AI Is the Crown Jewel in Chile’s New Nine-Year Development Plan
Wang Shifeng
DATE:  Sep 08 2021
/ SOURCE:  Yicai
AI Is the Crown Jewel in Chile’s New Nine-Year Development Plan AI Is the Crown Jewel in Chile’s New Nine-Year Development Plan

(Yicai Global) Sept. 8 -- Chile started drafting its first artificial intelligence policy in 2019 as a main driver of growth amid popular discontent against perceived corrupt rule under President Sebastián Pinera and widespread social and economic inequality.

High school students protesting a rise in subway fares on October 18 that year invaded the capital Santiago’s metro and closed it in violent unrest and vandalism that spread throughout the country and forced Pinera to declare a referendum on a new constitution to redress inequities, The Yuan, an AI-centric open community on a mission to put the ‘All-Inclusive’ into AI, reported on September 6.

That disorder ended an effective, but unfair economic system. Chile is among the most developed countries in Latin America. Its neoliberal system slashed poverty to 7.4 percent in 2017 from 34.7 percent in 1990. Inequality remains rife, with incomes of the 10 percent richest 26 times higher than those of the 10 percent poorest, per the Organization for Economic Co-operation and Development.

The new constitution offers the chance for Chile to avail itself of the AI-driven ‘Fourth Industrial Revolution,’ per The Yuan report.

This technological boom is spurring ever more Chileans to study AI. Most use it to reboot their careers. This favorable tableau was also the prompt for drafting the Chilean AI Policy to debut before year's end and stretch to 2030.

Ten experts convened to analyze all AI policies worldwide to learn best practices. Key to all this was the government’s engagement with citizens. Over 1,300 people participated in crafting the program, while another 400 took part in working groups to discuss it, and 15 webinars touted AI and informed about the new policy.

The first of its three prongs outlines basic elements of AI developed in the country, with improved Internet access and quality, broad access to fifth-generation wireless communications, better processing and storage, incorporation of computational thinking, AI at all educational levels and in workforce training, and publicizing data to find solutions that benefit society.

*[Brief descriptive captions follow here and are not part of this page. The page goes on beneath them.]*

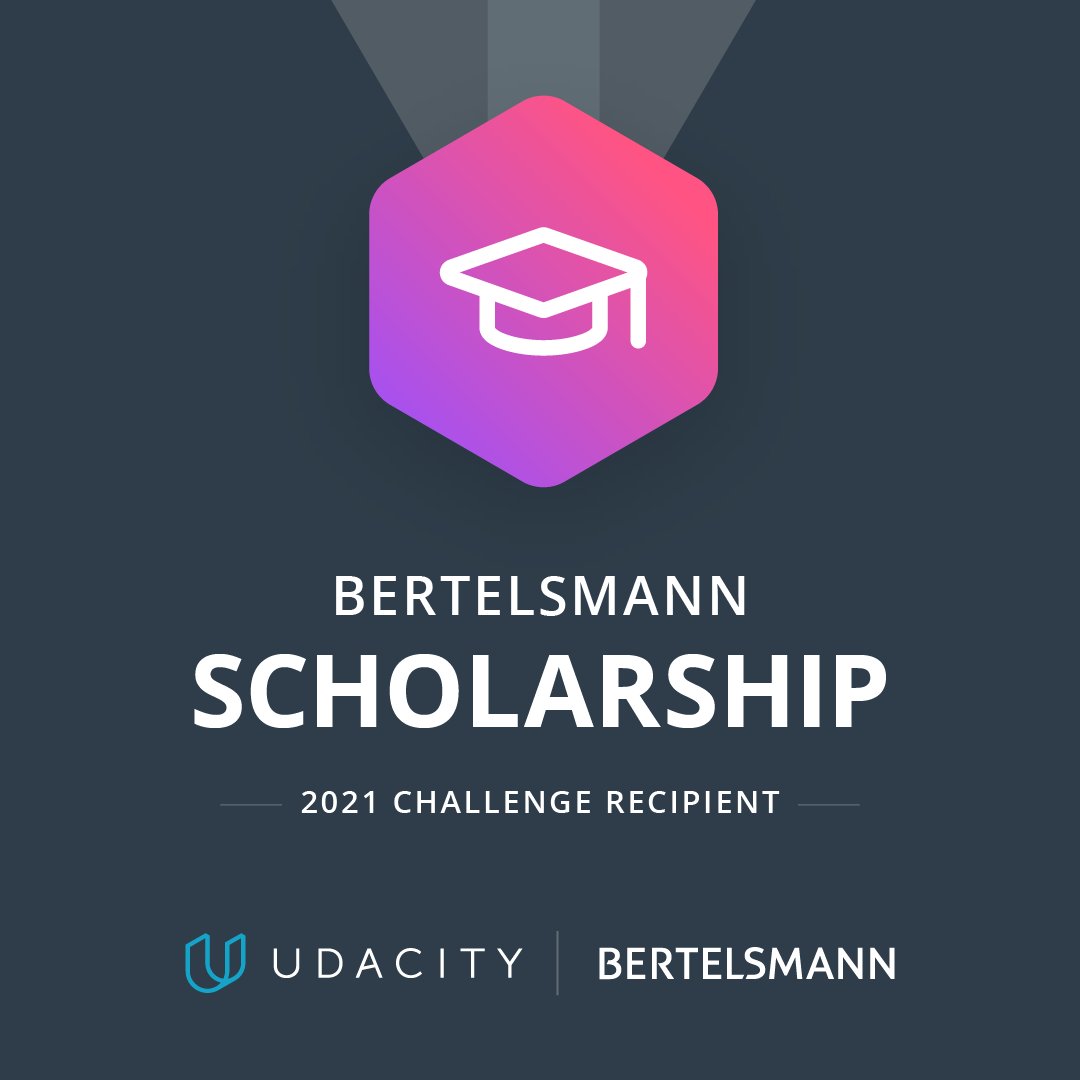 CastroJohnny72's tweet photo. I'm very happy to get a seat in the Technology Scholarship Program powered by Bertelsmann for the Intro to ML with Tensor Flow Challenge Course. Thanks a lot.
#50000Chances #UdacityTechScholars #PoweredByBertelsmann https://t.co/amOt3pq0JT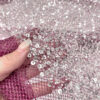 Silver sequined Pink lace fabric #200330 - Image 6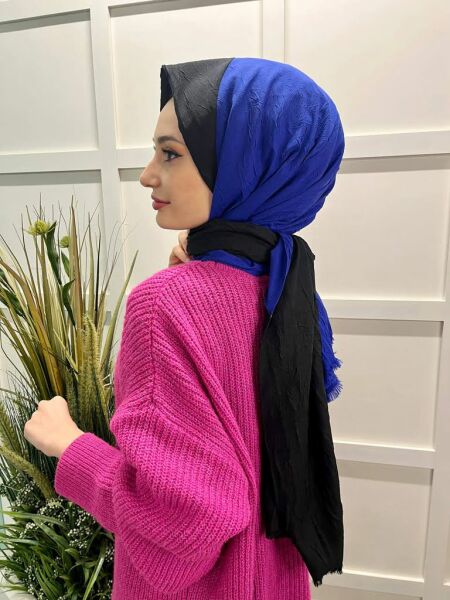 Loryan Scarf Çift Renk Bambu Kraş Şal 00693 SİYAH SAKS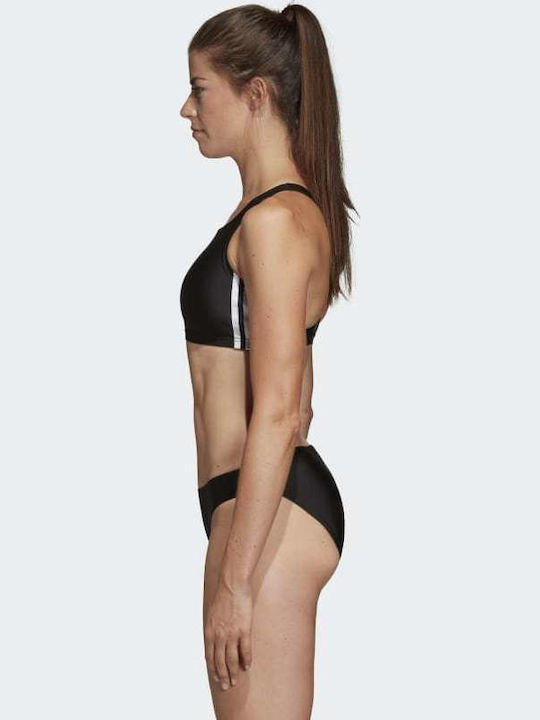3 Stripes Αθλητικό Set Bikini Μπουστάκι Μαύρο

The second focuses on elements that allow AI to profoundly affect a country, to foster Chilean research into it, develop an AI ecosystem and adopt it in industry, push its application in the public sector and to mitigate climate change and strengthen the cultural ecosystem.

The third tine seeks to create a framework for AI regulation and participation in the international dialog on standards, set norms for algorithmic transparency and regulate use of personal data.

The state will anticipate labor market changes from AI and aid less-skilled workers, leverage opportunities automation will bring, and enact transparency and proper use of consumer data policies. Intellectual property incentives will induce creators to publicize their innovations to benefit society. Cybersecurity will be a core component. Women's participation will be encouraged for gender equality and to prevent algorithms holding biases against them.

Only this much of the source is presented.